Bref, donc, toute à mes recherches sur la divinité féminine, j’en suis arrivée aux Métamorphoses d’Apulée. Et à ce passage que je partage aujourd’hui avec vous, parce que je l’aime beaucoup, et qu’aimer c’est partager ce qui nous touche !

Ses cheveux épais, longs et bouclés ornoient sans art sa tête divine, et tomboient négligemment sur ses épaules. Elle étoit couronnée de diverses fleurs qui, par leur arrangement, formoient plusieurs figures différentes ; elle avoit au-dessus du front un cercle lumineux en forme de miroir, ou plutôt une lumière blanche qui me faisoit connoître que c’étoit la lune. Elle avoit à droite et à gauche deux serpens, dont la figure représentoit assez bien des sillons, sur lesquels s’étendoient quelques épis de bled. Son habillement étoit d’une robe de lin fort déliée, de couleur changeante, qui paroissoit tantôt d’un blanc clair et luisant, tantôt d’un jaune de safran, et tantôt d’un rouge couleur de roses, avec une mante d’un noir si luisant, que mes yeux en étoient éblouis. Cette mante qui la couvroit de part et d’autre, et qui, lui passant sous le bras droit, étoit rattachée en écharpe sur l’épaule gauche, descendoit en plusieurs plis, et étoit bordée d’une frange que le moindre mouvement faisoit agréablement flotter. Le bord de la mante, aussi bien que le reste de son étendue, étoit semé d’étoiles, elles environnoient une lune dans son plein, qui jettoit une lumière très-vive ; autour de cette belle mante étoit encore attachée une chaîne de toutes sortes de fruits et de fleurs.
La Déesse avoit dans ses mains des choses fort différentes ; elle portoit en sa droite un sistre d’airain, dont la lame étroite et courbée en forme de baudrier, étoit traversée par trois verges de fer, qui, au mouvement du bras de la Déesse, rendoient un son fort clair. Elle tenoit en sa main gauche un vase d’or, en forme de gondole, qui avoit sur le haut de son anse un aspic, dont le cou étoit enflé et la tête fort élevée ; elle avoit à ses pieds des souliers tissus de feuilles de palmier. C’est en cet état que cette grande Déesse, parfumée des odeurs les plus exquises de l’Arabie heureuse, daigna me parler ainsi.
Je viens à toi, Lucius, tes prières m’ont touchée, je suis la nature, mère de toutes choses, la maîtresse des élémens, la source et l’origine des siècles, la souveraine des divinités, la reine des manes, et la première des habitans des cieux. Je représente en moi seule tous les Dieux et toutes les Déesses ; je gouverne à mon gré les brillantes voûtes célestes, les vents salutaires de la mer, et le triste silence des enfers.

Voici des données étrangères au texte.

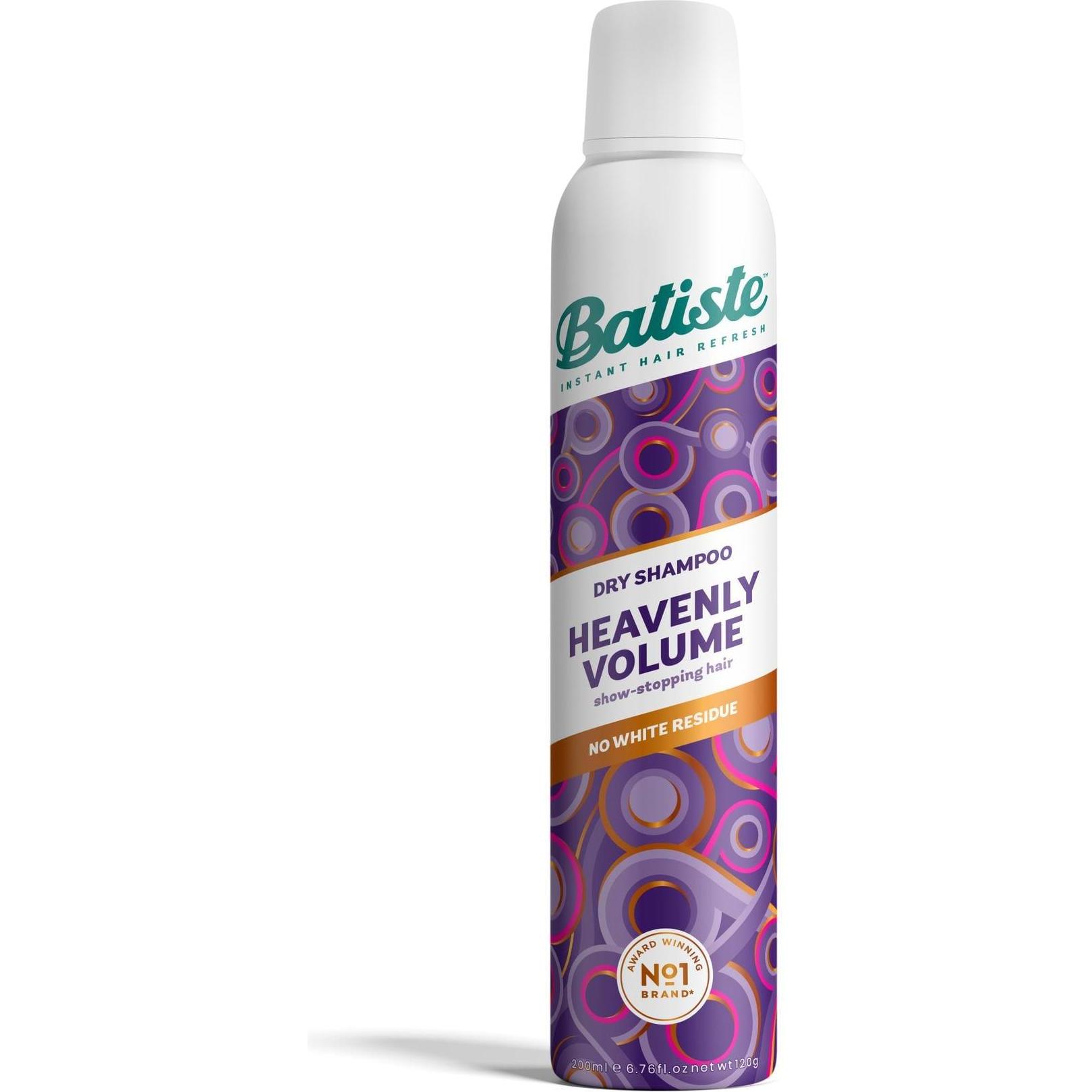 Batiste, Shampoo, Heavenly Volume (200 ml, Trockenshampoo)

Je suis la seule divinité qui soit dans l’univers, que toute la terre révère sous plusieurs formes, avec des cérémonies diverses, et sous des noms différens. Les Phrygiens, qui sont les plus anciens et les premiers hommes, m’appellent la mère des Dieux, déesse de Pessinunte. Les Athéniens, originaires de leur propre pays, me nomment Minerve Cécropienne. Chez les habitans de l’isle de Cypre, mon nom est Vénus de Paphos. Chez les Candiots, adroits à tirer de l’arc, Diane Dictinne. Chez les Siciliens qui parlent trois langues, Proserpine Stygienne. Dans la ville d’Eleusis on m’appelle l’ancienne déesse Cérès, d’autres me nomment Junon, d’autres Bellone, d’autres Hécate, d’autres Némésis Rhamnusienne ; et les Ethiopiens, que le soleil à son lever éclaire de ses premiers rayons, les peuples de l’Ariane, aussi-bien que les Egyptiens qui sont les premiers savans du monde, m’appellent par mon véritable nom, la reine Isis, et m’honorent avec les cérémonies qui me sont les plus convenables.

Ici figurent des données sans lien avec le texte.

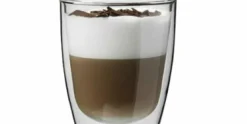 Dubbelwandig glas 300 ml Papillon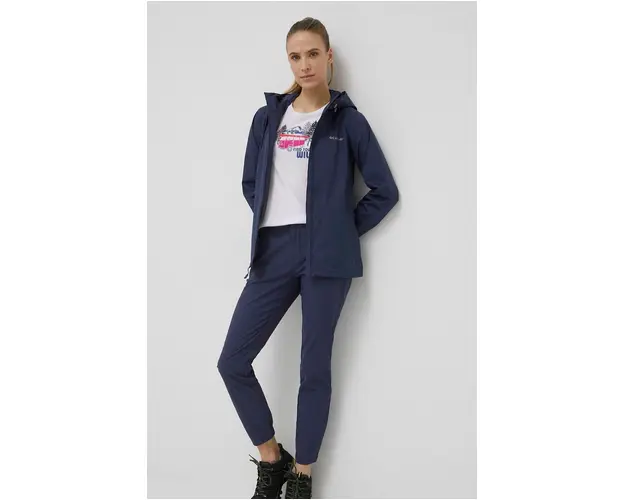 Columbia geaca outdoor Inner Limits II culoarea bleumarin, de tranzitie 1895802.-362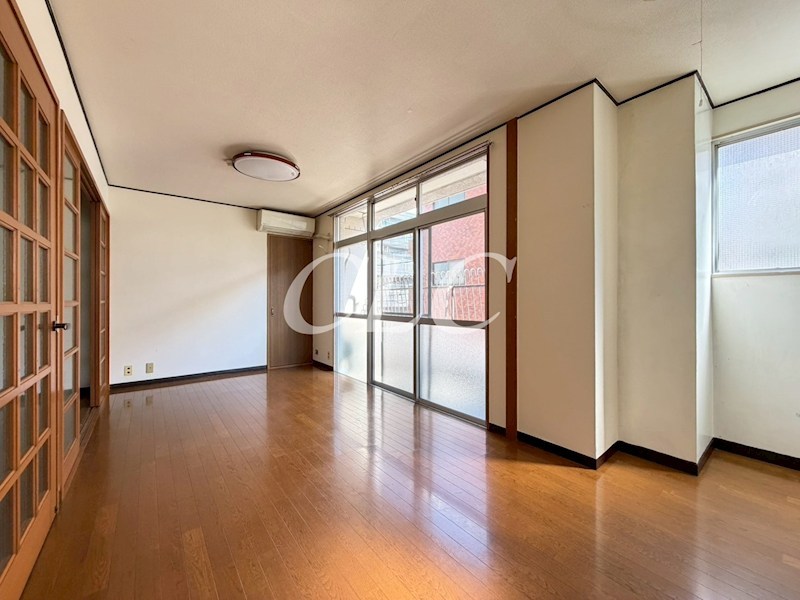 コーポウエダ ベッドルーム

Apulée, L’Âne d’or ou Les Métamorphoses

Et on en arrive à Nerval, et à ce passage où il rencontre Isis (toujours elle) dans Aurélia : 

Il me semblait que la déesse m’apparaissait en me disant : « Je suis la même que Marie, la même que ta mère, la même aussi que sous toutes les formes tu as toujours aimée. A chacune de tes épreuves j’ai quitté l’un des masques dont je voile mes traits, et bientôt tu me verras telle que je suis ». 

Gérard de Nerval, Aurélia

L’amour, l’authenticité, la vulnérabilité.